**Records to process**
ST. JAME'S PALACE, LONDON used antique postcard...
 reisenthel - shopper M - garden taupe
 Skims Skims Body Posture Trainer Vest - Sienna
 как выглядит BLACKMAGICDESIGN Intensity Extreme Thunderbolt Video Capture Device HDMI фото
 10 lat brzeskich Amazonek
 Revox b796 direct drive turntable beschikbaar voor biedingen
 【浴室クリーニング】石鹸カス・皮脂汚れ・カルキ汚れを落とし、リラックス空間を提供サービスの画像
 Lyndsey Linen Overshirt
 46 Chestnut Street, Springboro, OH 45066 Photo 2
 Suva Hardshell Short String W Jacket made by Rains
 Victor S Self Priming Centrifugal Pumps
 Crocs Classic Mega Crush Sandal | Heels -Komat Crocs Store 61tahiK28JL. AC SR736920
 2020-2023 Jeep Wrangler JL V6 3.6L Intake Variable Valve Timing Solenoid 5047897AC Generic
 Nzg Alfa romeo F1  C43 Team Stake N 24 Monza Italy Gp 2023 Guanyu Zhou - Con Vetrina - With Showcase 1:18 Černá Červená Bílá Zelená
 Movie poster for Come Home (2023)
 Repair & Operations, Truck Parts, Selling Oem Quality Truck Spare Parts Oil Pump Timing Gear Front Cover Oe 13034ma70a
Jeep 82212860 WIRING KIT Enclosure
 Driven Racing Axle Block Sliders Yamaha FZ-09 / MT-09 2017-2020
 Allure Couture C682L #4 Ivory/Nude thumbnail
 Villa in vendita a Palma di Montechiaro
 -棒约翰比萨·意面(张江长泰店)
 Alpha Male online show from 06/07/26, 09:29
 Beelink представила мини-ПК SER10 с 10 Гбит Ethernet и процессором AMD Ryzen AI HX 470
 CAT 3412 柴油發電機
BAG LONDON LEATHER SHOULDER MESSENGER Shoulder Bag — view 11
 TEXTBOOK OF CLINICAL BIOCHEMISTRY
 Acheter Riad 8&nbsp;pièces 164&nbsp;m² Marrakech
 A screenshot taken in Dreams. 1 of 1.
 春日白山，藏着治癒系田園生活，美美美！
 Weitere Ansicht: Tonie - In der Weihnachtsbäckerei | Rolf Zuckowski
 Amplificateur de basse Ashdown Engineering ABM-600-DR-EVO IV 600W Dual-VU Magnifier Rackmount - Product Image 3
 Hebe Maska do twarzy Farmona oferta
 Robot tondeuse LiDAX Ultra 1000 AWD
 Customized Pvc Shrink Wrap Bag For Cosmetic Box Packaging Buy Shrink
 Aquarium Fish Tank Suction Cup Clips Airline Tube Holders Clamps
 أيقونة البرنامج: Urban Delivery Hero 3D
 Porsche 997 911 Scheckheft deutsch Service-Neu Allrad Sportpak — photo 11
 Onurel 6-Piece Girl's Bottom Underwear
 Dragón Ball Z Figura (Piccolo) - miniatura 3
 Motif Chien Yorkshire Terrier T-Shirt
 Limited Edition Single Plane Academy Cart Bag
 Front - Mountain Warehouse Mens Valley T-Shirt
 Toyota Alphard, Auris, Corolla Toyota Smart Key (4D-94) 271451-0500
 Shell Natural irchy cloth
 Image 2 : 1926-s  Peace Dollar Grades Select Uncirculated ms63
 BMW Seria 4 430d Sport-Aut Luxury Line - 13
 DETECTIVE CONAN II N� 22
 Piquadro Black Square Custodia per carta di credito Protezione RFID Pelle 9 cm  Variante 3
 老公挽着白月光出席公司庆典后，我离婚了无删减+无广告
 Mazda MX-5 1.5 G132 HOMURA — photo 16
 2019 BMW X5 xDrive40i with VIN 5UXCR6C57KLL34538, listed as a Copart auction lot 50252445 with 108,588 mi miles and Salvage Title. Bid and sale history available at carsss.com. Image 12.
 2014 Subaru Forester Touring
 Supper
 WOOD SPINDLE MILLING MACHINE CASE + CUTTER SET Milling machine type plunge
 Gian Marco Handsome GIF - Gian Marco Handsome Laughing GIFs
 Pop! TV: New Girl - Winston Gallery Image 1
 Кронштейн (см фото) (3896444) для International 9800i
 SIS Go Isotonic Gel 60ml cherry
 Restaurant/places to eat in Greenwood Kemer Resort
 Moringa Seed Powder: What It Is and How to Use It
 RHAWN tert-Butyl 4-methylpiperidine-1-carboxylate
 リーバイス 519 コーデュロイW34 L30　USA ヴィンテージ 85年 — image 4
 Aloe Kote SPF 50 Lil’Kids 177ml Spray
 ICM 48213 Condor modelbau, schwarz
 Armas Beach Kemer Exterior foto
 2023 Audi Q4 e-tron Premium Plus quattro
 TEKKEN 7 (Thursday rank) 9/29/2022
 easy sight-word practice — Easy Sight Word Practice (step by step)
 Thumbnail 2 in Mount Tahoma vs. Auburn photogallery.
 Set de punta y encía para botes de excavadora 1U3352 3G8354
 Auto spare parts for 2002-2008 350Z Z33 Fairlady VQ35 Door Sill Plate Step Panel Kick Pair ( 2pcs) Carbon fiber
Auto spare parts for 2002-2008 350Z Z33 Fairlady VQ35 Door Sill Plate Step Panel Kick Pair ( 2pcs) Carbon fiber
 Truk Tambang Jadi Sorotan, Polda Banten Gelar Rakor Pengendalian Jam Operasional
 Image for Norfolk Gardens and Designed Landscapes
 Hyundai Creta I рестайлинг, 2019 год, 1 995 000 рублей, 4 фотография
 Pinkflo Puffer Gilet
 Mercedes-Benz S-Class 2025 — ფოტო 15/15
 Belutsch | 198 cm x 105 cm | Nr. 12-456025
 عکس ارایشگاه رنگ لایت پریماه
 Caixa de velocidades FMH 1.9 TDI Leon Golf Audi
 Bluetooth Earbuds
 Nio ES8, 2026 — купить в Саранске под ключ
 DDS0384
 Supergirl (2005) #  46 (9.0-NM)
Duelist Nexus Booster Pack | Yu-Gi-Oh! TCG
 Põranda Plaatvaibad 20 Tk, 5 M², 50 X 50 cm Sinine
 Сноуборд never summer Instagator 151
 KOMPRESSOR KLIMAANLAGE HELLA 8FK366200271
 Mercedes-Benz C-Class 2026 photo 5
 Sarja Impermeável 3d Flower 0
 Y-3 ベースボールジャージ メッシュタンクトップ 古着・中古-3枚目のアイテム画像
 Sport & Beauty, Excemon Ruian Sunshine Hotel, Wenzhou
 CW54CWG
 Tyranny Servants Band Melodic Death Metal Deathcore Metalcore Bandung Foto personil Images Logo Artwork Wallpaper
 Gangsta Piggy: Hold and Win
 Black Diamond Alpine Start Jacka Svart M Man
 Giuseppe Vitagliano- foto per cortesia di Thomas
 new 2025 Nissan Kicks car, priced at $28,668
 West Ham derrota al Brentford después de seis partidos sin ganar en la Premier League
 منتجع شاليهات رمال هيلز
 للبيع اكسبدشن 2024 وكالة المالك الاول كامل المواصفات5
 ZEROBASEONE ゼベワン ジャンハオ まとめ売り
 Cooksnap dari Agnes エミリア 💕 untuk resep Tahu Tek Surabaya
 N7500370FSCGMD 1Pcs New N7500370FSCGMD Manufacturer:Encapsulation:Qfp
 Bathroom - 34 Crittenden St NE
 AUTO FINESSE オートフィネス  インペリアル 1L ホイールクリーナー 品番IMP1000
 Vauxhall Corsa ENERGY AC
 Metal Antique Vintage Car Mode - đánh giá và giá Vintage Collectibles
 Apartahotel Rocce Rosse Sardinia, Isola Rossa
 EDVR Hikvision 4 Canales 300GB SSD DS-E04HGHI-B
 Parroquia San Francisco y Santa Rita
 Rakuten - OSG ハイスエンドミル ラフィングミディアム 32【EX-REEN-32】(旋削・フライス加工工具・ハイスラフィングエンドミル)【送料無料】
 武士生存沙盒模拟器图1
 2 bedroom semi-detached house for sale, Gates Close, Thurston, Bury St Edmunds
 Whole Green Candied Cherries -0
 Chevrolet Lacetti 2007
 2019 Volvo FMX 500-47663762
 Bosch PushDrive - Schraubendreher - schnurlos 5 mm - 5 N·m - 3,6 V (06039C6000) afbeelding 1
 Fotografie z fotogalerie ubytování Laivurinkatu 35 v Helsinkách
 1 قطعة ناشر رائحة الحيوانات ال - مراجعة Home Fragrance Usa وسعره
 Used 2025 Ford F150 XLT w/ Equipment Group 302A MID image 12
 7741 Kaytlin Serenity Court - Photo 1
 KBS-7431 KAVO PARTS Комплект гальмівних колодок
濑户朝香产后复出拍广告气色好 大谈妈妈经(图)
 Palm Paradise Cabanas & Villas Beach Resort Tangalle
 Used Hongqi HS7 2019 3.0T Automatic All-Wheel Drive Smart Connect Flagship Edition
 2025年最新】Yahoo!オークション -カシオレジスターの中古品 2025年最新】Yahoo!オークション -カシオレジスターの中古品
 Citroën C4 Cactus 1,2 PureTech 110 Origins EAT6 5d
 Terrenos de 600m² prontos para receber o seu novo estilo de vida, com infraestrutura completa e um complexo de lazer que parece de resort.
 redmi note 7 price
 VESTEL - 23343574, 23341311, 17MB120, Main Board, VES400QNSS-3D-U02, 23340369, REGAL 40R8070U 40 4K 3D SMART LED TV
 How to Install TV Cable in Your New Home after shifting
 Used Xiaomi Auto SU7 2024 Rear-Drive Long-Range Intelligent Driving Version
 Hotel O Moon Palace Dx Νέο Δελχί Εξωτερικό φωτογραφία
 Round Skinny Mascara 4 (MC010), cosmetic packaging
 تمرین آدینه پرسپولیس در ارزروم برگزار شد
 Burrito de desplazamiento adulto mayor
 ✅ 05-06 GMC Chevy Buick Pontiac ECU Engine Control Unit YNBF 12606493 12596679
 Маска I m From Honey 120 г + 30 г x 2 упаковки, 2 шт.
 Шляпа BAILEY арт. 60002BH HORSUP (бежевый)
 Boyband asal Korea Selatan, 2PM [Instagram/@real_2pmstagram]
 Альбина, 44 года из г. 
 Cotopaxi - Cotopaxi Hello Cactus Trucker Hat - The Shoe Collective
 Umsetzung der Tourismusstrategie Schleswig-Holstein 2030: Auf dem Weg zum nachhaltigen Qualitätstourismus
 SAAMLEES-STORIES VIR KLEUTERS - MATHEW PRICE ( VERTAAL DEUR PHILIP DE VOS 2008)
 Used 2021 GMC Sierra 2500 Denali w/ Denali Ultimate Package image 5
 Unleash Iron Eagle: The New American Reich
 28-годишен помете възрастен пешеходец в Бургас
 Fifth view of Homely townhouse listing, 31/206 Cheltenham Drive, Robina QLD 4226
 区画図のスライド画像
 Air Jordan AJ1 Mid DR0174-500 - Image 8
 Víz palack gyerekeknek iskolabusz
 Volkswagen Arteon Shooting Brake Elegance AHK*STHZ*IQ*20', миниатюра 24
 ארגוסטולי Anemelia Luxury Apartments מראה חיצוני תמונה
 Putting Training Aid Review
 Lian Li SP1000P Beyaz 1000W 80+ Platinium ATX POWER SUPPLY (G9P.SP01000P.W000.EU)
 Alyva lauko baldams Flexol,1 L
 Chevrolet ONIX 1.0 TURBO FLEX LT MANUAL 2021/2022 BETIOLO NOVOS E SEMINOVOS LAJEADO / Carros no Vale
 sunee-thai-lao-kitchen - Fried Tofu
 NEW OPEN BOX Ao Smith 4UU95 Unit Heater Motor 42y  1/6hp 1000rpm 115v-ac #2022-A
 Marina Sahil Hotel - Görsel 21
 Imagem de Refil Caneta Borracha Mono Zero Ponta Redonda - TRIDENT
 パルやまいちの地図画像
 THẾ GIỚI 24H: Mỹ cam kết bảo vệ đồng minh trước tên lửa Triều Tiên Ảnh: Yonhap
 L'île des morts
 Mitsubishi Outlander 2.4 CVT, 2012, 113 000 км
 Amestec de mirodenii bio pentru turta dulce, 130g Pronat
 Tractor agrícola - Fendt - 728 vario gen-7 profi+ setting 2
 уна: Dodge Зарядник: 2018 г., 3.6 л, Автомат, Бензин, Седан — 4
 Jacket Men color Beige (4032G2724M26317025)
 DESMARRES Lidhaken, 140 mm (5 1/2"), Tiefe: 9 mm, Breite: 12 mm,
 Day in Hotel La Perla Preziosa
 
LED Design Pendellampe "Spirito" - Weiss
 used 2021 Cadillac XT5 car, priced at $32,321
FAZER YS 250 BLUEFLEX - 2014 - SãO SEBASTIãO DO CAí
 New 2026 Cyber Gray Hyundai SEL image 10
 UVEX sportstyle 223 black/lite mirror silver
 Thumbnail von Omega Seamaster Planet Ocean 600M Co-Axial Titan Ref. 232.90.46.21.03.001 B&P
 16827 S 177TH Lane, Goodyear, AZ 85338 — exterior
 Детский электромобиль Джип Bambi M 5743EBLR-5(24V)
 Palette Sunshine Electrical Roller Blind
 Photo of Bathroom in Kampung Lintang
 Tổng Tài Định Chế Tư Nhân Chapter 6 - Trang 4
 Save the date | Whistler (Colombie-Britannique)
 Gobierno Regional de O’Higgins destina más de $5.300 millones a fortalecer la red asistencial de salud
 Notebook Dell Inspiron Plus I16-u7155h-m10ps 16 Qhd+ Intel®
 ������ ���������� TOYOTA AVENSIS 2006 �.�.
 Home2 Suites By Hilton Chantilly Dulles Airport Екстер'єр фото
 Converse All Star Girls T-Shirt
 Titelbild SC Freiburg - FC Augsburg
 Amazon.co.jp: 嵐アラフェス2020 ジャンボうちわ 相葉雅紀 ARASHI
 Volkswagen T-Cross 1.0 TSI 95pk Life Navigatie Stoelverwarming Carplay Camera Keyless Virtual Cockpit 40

**What is expected**
Beginning with the line containing "new 2025 Nissan Kicks car, priced at $28,668" in the material above, copy every line exactly until you have copied the line containing "How to Install".

**Solution for this exercise**
 new 2025 Nissan Kicks car, priced at $28,668
 West Ham derrota al Brentford después de seis partidos sin ganar en la Premier League
 منتجع شاليهات رمال هيلز
 للبيع اكسبدشن 2024 وكالة المالك الاول كامل المواصفات5
 ZEROBASEONE ゼベワン ジャンハオ まとめ売り
 Cooksnap dari Agnes エミリア 💕 untuk resep Tahu Tek Surabaya
 N7500370FSCGMD 1Pcs New N7500370FSCGMD Manufacturer:Encapsulation:Qfp
 Bathroom - 34 Crittenden St NE
 AUTO FINESSE オートフィネス  インペリアル 1L ホイールクリーナー 品番IMP1000
 Vauxhall Corsa ENERGY AC
 Metal Antique Vintage Car Mode - đánh giá và giá Vintage Collectibles
 Apartahotel Rocce Rosse Sardinia, Isola Rossa
 EDVR Hikvision 4 Canales 300GB SSD DS-E04HGHI-B
 Parroquia San Francisco y Santa Rita
 Rakuten - OSG ハイスエンドミル ラフィングミディアム 32【EX-REEN-32】(旋削・フライス加工工具・ハイスラフィングエンドミル)【送料無料】
 武士生存沙盒模拟器图1
 2 bedroom semi-detached house for sale, Gates Close, Thurston, Bury St Edmunds
 Whole Green Candied Cherries -0
 Chevrolet Lacetti 2007
 2019 Volvo FMX 500-47663762
 Bosch PushDrive - Schraubendreher - schnurlos 5 mm - 5 N·m - 3,6 V (06039C6000) afbeelding 1
 Fotografie z fotogalerie ubytování Laivurinkatu 35 v Helsinkách
 1 قطعة ناشر رائحة الحيوانات ال - مراجعة Home Fragrance Usa وسعره
 Used 2025 Ford F150 XLT w/ Equipment Group 302A MID image 12
 7741 Kaytlin Serenity Court - Photo 1
 KBS-7431 KAVO PARTS Комплект гальмівних колодок
濑户朝香产后复出拍广告气色好 大谈妈妈经(图)
 Palm Paradise Cabanas & Villas Beach Resort Tangalle
 Used Hongqi HS7 2019 3.0T Automatic All-Wheel Drive Smart Connect Flagship Edition
 2025年最新】Yahoo!オークション -カシオレジスターの中古品 2025年最新】Yahoo!オークション -カシオレジスターの中古品
 Citroën C4 Cactus 1,2 PureTech 110 Origins EAT6 5d
 Terrenos de 600m² prontos para receber o seu novo estilo de vida, com infraestrutura completa e um complexo de lazer que parece de resort.
 redmi note 7 price
 VESTEL - 23343574, 23341311, 17MB120, Main Board, VES400QNSS-3D-U02, 23340369, REGAL 40R8070U 40 4K 3D SMART LED TV
 How to Install TV Cable in Your New Home after shifting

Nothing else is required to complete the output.